Liberty Leading the People (or Liberty) by Delacroix is one the world’s most recognised paintings.


It has inspired postage stamps, covers of books and even the designer of the Statute of Liberty. It comes from a painter associated with the establishment.


Liberty is a prime example of why and how famous paintings are best understood by exploring their political and social contexts.

The Story
The Bigger Picture


Liberty commemorates the July Revolution of 1830 in France (known as three glorious days), which toppled the Emperor Charles X, a generation or so after the French Revolution.


In the painting, Liberty leads the people over the bodies of the fallen. Stridently and encouragingly she holds up the tricolour of the French Revolution in one hand and brandishes a bayonet in the other, the dead being her pedestal, her plinth to declare the revolution – they are victorious.

 Picture Highlights


Liberty is a two-dimensional painting. Delacroix uses linear perspective to give the effect of 3-dimensional space. He uses aerial perspective with the city in the back being smaller with the sky blue and grey.


The meaning of the image, the content, is the people wanting liberty, and the battle the people went through to gain freedom. Liberty leads the people. Delacroix uses these images to tell the story – looking at the painting you know that there is a victory, a triumph – even if you are not aware of the situation.


The allegory of Liberty personifies by a young woman of the people wearing the Phrygian cap, her curls escaping onto her neck. Vibrant, fiery, rebellious, and victorious, she evokes the Revolution of 1789, the sans-culotte, and popular sovereignty. In her raised right hand is the red, white, and blue flag, a symbol of the struggle that unfurls toward the light like a flame.


Liberty wears a yellow dress reminiscent of classic dress, held in at the waist by a belt whose ends float at her side. It has slipped below her breasts, revealing the underarm hair considered vulgar by classical artists who decreed that a goddess's skin should be smooth.


The romantic realism of her nudity recalls the ancient winged victories. Her Greek profile, straight nose, generous mouth, a delicate chin, and smouldering gaze are reminiscent of the woman who posed for Delacroix’s The Women of Algiers in their Apartment (1834).

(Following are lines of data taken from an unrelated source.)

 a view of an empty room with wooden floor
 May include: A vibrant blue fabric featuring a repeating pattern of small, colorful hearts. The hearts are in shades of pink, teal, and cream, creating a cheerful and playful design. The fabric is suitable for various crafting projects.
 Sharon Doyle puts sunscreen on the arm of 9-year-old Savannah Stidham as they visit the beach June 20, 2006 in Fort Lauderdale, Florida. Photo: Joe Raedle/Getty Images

She stands noble and resolute; her body is illuminated on the right, cutting a distinctive figure among the men as she turns her head to spur them on to final victory. Her dark left side stands out against a plume of smoke. Her weight is on her bare left foot, visible below her dress.

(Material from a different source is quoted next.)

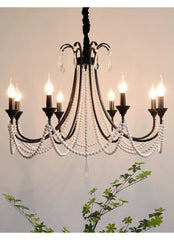 View of a black, multi-arm chandelier with pearl beads and crystal accents, partially framed by green foliage against a light-colored wall.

She may be an allegory, but this is a real battle, and she is caught up in the heat of the moment. The infantry gun with a bayonet in her left hand gives her a contemporary look and certain credibility.


Two Parisian boys have spontaneously joined the fight: the one on the left clings to the cobblestones, wide-eyed under his light infantry cap; the most famous figure to the right of Liberty is Gavroche, a symbol of youthful revolt against injustice and sacrifice for a noble cause. He wears the black velvet beret (or faluche) popular with students, as a symbol of rebellion, and carries an overlarge cartridge pouch slung across his shoulder. He advances right foot forward, brandishing cavalry pistols with one arm raised, a war cry on his lips as he exhorts the insurgents to fight.


The fighter whose beret carries a white royalist cockade and liberal red ribbon and who carries an infantry sabre (1816 model), is recognisably a print worker with his apron and sailor trousers. The scarf holding his pistol in place on his belly evokes the Cholet handkerchief—a rallying sign for Royalist leader Charette and the Vendeans.


The kneeling figure with the top hat of a bourgeois or fashionable urbanite may be Delacroix himself, or one of his friends. He wears loose-fitting trousers and an artisan's red flannel belt and carries a double-barrelled hunting gun. The wounded man raising himself up at the sight of Liberty wears a knotted yellowish scarf, echoing the colour of the heroine's dress; his peasant's smock and red flannel belt suggest the temporary workers of Paris. The blue jacket, red belt, and white shirt echo the colours of the flag.


The images of hats play a crucial role in the painting. This seemingly minor detail conveys an important aspect of what is being communicated in Liberty Leading the People - except for the monarchy, all social classes participated in the revolt, as telegraphed by the hats worn by the fighters.


The factory worker with an uplifted sabre (on the left) sports the hat typical of his class; next to Liberty is a young man waving two pistols and wearing the black beret traditionally worn by university students. Top hats were worn at the time by all social classes, and cloth hats often worn by printers.


But Liberty herself steals the show. Not only is she a symbol of bravery, persistence, and leadership, but she reminds viewers that women played an indispensable role in the events of July 1830.


With a Greek profile and exposed breasts, she is reminis

cent of ancient statuary, an allegory of revolution set in a realistic battle scene. She, too, wears a hat; her Phrygian cap was a widely recognised symbol of liberty during the French Revolution. She grasps a musket in one hand and the new Tricolour in the other.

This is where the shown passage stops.